One easy way to initialize a signal in an HDL, and this is a method
that is not recommended, is to use an initial value on the declaration.
With few exceptions, the use of a default assignment in the signal
declaration should not exist in RTL since it may create a
situation where the RTL simulation will not match the back annotated (timing) simulation. An
example of this is:
SIGNAL dont_do_this : SLB := '1';
An exception to this rule is when there is some small circuit which
needs to be operational during reset and the FPGA guarantees the power up
state of the registers. An example of this would be a counter which is used to elongate
reset and must run when reset is active.
The following two sections continue the
discussion of reset implementation issues.
- Reset Polarity
One problem that arises with FPGA design is that some FPGAs have
an active high reset while others have an active low
reset. It would be nice to code in a portable fashion, that is where
the code is independent of the FPGA vendor. A solution is to use a
generic which specifies the active level of reset and which is
passed down to all registers throughout the hierarchy. In the
following example, a generic called "RESET_LEVEL" accomplishes this:
- LIBRARY IEEE;
- USE IEEE.STD_LOGIC_1164.ALL;
- ENTITY blatz IS
- -- active level of reset for registers is defined here
- GENERIC (RESET_LEVEL : SLB := '1');
- PORT (CLK : IN SLB;
- RESET : IN SLB;
- CE : IN SLB;
- DIN : IN SLB;
- DOUT : OUT SLB);
- END blatz;
- ARCHITECTURE behavior OF blatz IS
- BEGIN
- a_register: PROCESS (CLK, RESET)
- BEGIN
- IF RESET = RESET_LEVEL THEN
- DOUT <= '0';
- ELSIF CLK'event AND CLK = '1' THEN
- IF CE = '1' THEN -- clock enable
- DOUT <= DIN;
- END IF;
- END IF;
- END PROCESS a_register;
- END behavior;
RESET_LEVEL must be passed down through the hierarchy through the use of
port mapping. The following is an example of port mapping in a component
instantiation:
- blatz_c: blatz
- GENERIC MAP (RESET_LEVEL => RESET_LEVEL)
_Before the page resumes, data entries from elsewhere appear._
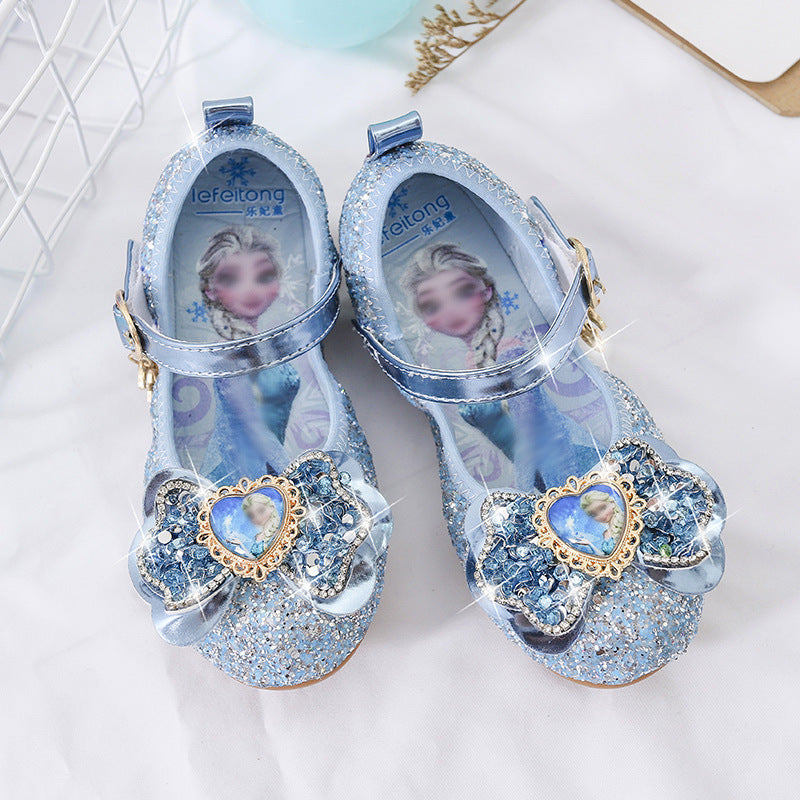Mädchen Glitzernde Ballerina-Schuhe mit Herzdetaillierung Echo Archiv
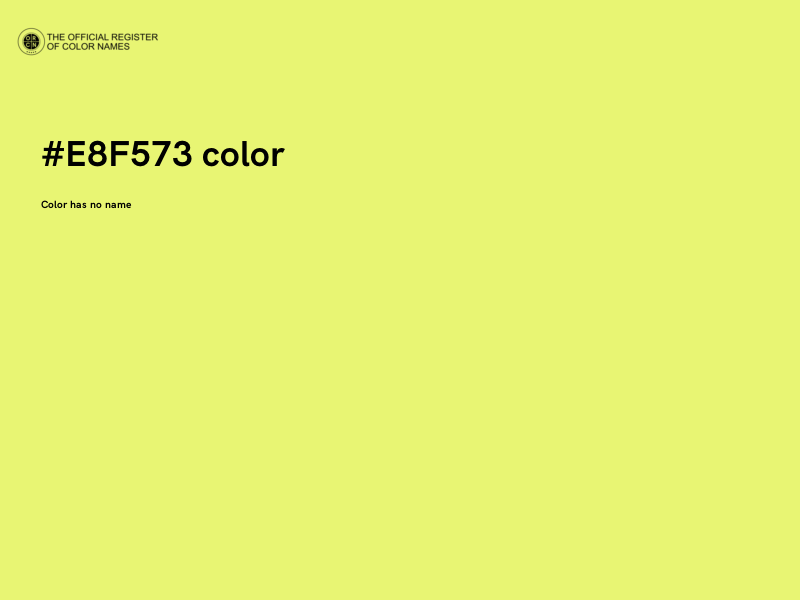 #E8F573 color image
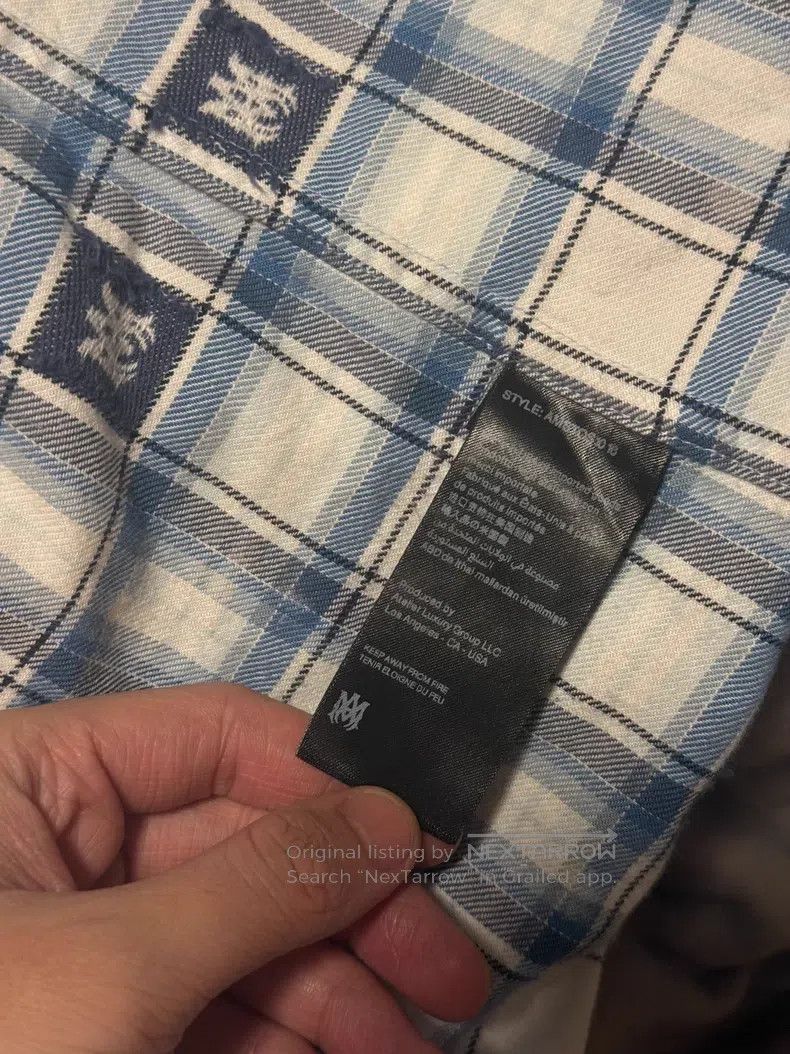 Amiri Amiri Distressed plaid shirt with hood Size US S / EU 44-46 / 1 - 5 Thumbnail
- PORT MAP (CLK => my_clk,
- RESET => my_reset,
- CE => my_ce,
- DIN => my_din,
- DOUT => my_dout);
By implementing reset as a generic which is passed down in this fashion, the value of the RESET_LEVEL
generic can be changed at the top level which will invert the active level of reset for all
registers in the design.
- Use of Asynchronous Resets
Other than the use of asynchronous reset for globally resetting the device,
the use of asynchronous resets is best avoided when possible. Asynchronous resets
create timing paths which are hard for static timing
analyzers to deal with, and can make code less portable.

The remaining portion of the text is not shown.